EXERCISE AIM: The full set of entries is to be printed exactly, with pictures excluded.

(Beginning of PROVIDED RECORDS)

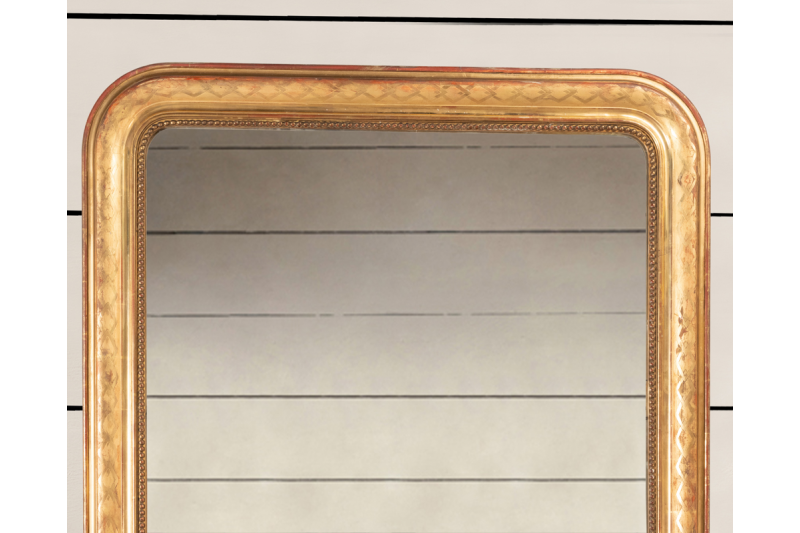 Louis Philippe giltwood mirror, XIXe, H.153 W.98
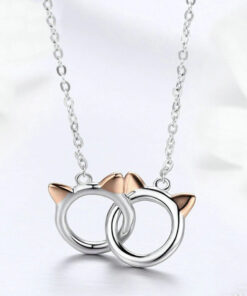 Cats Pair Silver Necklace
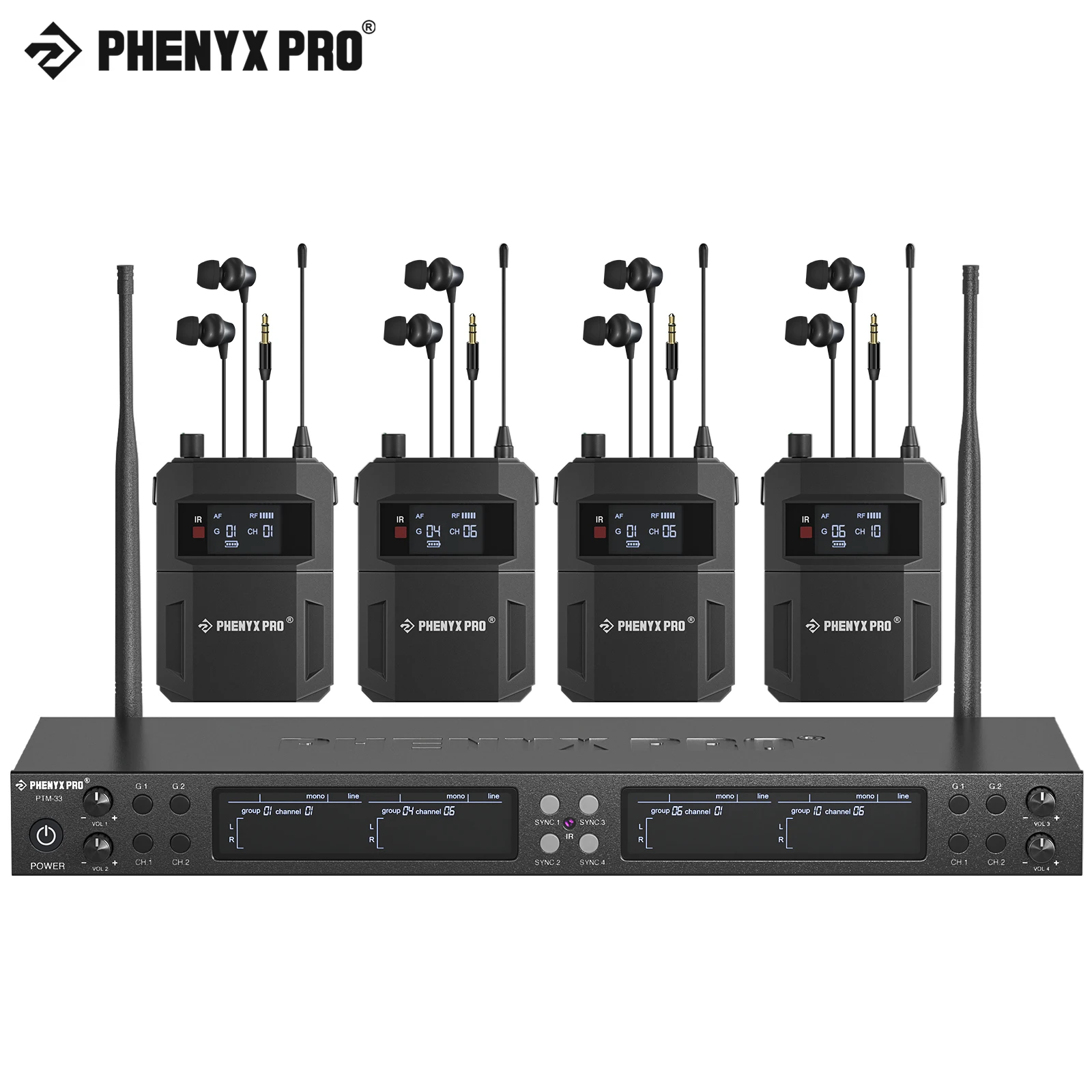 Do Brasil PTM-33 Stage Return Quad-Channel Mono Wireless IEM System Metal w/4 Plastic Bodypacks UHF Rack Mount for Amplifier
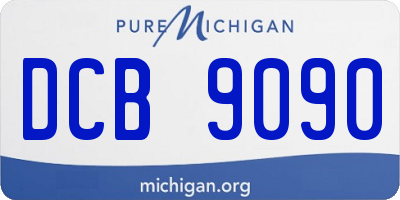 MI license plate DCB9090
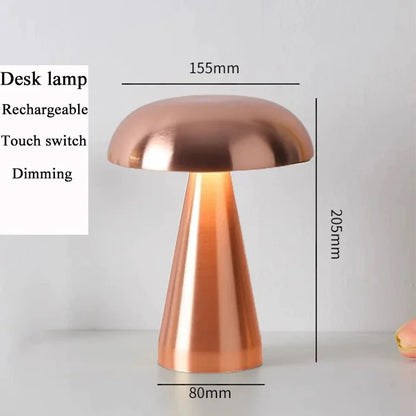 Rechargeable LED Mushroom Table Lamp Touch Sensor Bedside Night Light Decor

(End of PROVIDED RECORDS)

TASK OUTPUT:
 Louis Philippe giltwood mirror, XIXe, H.153 W.98
 Cats Pair Silver Necklace
 Do Brasil PTM-33 Stage Return Quad-Channel Mono Wireless IEM System Metal w/4 Plastic Bodypacks UHF Rack Mount for Amplifier
 MI license plate DCB9090
 Rechargeable LED Mushroom Table Lamp Touch Sensor Bedside Night Light Decor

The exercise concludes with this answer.